◆ What is expected:
Look through the listing for the string "Colour" and copy out every line that holds it.

◆ Provided records:
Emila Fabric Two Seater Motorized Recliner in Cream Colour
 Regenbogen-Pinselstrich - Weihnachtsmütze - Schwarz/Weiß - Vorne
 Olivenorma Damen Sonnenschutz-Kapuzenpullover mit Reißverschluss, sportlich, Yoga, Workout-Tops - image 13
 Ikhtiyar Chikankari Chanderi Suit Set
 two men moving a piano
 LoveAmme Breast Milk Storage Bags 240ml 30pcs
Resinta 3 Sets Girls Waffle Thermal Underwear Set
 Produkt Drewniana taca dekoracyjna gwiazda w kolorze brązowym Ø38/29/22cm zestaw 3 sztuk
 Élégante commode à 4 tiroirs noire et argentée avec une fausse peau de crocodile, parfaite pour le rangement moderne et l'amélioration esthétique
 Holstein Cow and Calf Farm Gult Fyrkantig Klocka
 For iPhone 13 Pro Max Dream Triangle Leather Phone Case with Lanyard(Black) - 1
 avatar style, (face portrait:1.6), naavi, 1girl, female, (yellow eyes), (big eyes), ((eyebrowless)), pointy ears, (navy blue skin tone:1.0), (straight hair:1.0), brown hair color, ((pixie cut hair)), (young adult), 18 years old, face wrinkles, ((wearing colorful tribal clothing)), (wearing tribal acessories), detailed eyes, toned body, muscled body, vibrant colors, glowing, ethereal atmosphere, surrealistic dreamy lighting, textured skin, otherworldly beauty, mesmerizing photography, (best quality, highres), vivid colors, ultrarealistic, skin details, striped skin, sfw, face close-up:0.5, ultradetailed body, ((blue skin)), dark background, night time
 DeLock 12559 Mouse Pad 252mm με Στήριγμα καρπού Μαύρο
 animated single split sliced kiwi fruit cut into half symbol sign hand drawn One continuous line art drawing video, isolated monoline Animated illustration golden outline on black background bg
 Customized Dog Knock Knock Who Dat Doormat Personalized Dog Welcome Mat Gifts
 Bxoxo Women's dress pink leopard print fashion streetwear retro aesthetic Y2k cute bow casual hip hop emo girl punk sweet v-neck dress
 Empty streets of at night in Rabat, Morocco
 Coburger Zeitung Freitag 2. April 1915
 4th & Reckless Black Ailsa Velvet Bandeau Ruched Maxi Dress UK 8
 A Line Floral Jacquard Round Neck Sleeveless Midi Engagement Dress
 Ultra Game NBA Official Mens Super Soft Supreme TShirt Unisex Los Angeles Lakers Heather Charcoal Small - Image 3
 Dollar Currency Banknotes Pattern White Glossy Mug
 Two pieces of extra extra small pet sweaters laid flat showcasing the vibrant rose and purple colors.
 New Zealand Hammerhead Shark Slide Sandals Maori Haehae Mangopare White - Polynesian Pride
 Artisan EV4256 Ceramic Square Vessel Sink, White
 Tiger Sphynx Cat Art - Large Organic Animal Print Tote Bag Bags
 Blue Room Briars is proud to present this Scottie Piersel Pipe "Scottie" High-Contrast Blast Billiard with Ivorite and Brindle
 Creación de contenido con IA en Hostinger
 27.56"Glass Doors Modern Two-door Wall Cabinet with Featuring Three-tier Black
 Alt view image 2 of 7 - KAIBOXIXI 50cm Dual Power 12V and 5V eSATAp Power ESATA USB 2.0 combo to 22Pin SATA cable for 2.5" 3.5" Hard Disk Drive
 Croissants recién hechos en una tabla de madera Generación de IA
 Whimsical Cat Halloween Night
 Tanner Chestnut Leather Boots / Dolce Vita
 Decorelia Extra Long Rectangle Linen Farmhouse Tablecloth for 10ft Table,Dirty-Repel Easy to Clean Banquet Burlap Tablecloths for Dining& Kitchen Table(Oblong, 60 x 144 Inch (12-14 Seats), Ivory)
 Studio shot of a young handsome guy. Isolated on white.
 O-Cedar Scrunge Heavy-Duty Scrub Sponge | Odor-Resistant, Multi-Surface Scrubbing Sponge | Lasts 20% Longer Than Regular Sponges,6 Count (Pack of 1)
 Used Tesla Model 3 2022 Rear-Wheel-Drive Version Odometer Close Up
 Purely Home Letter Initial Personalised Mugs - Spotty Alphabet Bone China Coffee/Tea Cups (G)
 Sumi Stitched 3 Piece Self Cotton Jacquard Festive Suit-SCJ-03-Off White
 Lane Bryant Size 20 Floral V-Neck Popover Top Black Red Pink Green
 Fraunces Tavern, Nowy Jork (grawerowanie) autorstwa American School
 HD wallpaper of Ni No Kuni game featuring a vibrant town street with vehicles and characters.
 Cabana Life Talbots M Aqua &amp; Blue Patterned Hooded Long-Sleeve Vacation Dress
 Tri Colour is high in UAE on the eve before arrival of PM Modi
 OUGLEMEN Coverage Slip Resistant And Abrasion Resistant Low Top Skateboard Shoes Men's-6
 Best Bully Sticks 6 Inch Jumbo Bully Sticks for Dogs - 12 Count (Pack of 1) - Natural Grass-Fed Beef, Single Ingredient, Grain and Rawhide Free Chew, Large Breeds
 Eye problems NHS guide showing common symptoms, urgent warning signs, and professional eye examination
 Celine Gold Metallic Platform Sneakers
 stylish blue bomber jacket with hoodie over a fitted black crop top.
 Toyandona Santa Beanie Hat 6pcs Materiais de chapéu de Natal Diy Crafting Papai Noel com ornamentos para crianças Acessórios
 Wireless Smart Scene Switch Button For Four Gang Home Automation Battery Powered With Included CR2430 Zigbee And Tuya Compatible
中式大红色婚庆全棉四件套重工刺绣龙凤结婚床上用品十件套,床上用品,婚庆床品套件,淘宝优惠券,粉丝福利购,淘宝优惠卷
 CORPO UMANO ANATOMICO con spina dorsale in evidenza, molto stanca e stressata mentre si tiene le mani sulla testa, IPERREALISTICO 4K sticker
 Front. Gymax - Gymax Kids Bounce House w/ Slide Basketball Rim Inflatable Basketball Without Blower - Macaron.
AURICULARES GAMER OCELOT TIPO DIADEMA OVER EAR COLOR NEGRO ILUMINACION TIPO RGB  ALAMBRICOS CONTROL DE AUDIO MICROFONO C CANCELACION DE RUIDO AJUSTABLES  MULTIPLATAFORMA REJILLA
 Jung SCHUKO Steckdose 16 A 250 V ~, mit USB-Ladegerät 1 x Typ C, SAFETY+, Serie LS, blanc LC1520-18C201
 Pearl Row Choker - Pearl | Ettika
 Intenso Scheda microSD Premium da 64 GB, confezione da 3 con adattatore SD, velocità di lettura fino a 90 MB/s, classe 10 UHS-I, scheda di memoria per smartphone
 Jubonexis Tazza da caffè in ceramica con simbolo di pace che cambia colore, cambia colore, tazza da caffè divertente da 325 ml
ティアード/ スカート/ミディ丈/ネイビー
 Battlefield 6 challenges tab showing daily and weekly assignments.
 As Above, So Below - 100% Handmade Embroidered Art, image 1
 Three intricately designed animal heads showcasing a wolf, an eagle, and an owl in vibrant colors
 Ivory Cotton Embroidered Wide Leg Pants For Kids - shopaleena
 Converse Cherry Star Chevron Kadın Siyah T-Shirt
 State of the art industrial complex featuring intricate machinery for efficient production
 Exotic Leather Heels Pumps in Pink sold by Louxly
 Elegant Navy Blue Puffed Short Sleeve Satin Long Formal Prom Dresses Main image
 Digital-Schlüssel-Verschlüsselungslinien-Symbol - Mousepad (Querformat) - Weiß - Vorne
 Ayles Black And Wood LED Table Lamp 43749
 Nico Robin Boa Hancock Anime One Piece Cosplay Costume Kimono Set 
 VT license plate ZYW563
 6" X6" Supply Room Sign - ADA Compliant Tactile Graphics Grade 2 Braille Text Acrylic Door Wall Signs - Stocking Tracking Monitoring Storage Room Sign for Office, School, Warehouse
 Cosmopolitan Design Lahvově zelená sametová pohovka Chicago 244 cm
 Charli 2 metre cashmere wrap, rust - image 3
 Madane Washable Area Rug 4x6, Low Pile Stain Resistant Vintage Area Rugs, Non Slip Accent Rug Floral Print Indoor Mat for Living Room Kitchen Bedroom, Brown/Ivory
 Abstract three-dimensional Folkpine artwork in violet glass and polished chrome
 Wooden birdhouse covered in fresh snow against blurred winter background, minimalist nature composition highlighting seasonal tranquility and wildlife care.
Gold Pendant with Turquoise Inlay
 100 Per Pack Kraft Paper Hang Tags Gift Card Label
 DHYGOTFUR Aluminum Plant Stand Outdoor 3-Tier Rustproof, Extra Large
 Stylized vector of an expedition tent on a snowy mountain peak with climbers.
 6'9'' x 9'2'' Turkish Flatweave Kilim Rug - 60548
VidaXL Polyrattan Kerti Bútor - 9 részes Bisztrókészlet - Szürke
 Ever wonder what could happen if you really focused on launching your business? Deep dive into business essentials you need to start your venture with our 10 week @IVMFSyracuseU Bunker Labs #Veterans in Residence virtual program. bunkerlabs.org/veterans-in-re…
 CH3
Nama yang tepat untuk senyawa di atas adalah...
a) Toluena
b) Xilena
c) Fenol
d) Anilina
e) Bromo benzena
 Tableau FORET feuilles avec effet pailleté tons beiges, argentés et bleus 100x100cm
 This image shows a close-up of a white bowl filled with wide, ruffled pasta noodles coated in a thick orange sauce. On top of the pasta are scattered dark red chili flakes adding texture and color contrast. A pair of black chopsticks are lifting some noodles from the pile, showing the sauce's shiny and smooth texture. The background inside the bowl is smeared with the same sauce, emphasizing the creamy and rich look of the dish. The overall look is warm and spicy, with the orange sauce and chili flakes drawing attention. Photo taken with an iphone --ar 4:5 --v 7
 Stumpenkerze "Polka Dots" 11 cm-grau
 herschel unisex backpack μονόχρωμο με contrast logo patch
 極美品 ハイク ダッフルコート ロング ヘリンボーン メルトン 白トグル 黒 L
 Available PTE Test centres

◆ Solution to the exercise:
Emila Fabric Two Seater Motorized Recliner in Cream Colour
 Tri Colour is high in UAE on the eve before arrival of PM Modi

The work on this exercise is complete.